- _Assignment_:
Please give the listing underneath again, exactly as shown.
++++ Data
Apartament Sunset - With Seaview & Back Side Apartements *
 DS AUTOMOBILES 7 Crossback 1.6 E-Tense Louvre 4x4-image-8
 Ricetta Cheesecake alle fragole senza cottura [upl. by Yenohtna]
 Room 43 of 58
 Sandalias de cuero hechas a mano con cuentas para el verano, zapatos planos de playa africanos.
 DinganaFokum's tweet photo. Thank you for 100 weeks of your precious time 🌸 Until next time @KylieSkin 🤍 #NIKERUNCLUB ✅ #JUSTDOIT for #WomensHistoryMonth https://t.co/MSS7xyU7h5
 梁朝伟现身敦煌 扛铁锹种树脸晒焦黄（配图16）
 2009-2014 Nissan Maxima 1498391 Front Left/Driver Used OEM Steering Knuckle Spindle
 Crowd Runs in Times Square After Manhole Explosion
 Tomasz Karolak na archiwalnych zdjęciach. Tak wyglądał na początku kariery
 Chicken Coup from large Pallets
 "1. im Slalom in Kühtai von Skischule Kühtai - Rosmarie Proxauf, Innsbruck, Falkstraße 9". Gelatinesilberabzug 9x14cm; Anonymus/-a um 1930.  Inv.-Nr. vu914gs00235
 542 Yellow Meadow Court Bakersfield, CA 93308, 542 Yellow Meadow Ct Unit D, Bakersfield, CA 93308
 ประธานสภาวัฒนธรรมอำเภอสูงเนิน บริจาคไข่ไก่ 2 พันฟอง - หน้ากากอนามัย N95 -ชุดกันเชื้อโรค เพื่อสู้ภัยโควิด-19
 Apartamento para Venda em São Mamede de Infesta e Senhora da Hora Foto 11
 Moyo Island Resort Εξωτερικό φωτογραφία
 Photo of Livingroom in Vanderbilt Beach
++++++++
- _Answer space_:
Apartament Sunset - With Seaview & Back Side Apartements *
 DS AUTOMOBILES 7 Crossback 1.6 E-Tense Louvre 4x4-image-8
 Ricetta Cheesecake alle fragole senza cottura [upl. by Yenohtna]
 Room 43 of 58
 Sandalias de cuero hechas a mano con cuentas para el verano, zapatos planos de playa africanos.
 DinganaFokum's tweet photo. Thank you for 100 weeks of your precious time 🌸 Until next time @KylieSkin 🤍 #NIKERUNCLUB ✅ #JUSTDOIT for #WomensHistoryMonth https://t.co/MSS7xyU7h5
 梁朝伟现身敦煌 扛铁锹种树脸晒焦黄（配图16）
 2009-2014 Nissan Maxima 1498391 Front Left/Driver Used OEM Steering Knuckle Spindle
 Crowd Runs in Times Square After Manhole Explosion
 Tomasz Karolak na archiwalnych zdjęciach. Tak wyglądał na początku kariery
 Chicken Coup from large Pallets
 "1. im Slalom in Kühtai von Skischule Kühtai - Rosmarie Proxauf, Innsbruck, Falkstraße 9". Gelatinesilberabzug 9x14cm; Anonymus/-a um 1930.  Inv.-Nr. vu914gs00235
 542 Yellow Meadow Court Bakersfield, CA 93308, 542 Yellow Meadow Ct Unit D, Bakersfield, CA 93308
 ประธานสภาวัฒนธรรมอำเภอสูงเนิน บริจาคไข่ไก่ 2 พันฟอง - หน้ากากอนามัย N95 -ชุดกันเชื้อโรค เพื่อสู้ภัยโควิด-19
 Apartamento para Venda em São Mamede de Infesta e Senhora da Hora Foto 11
 Moyo Island Resort Εξωτερικό φωτογραφία
 Photo of Livingroom in Vanderbilt Beach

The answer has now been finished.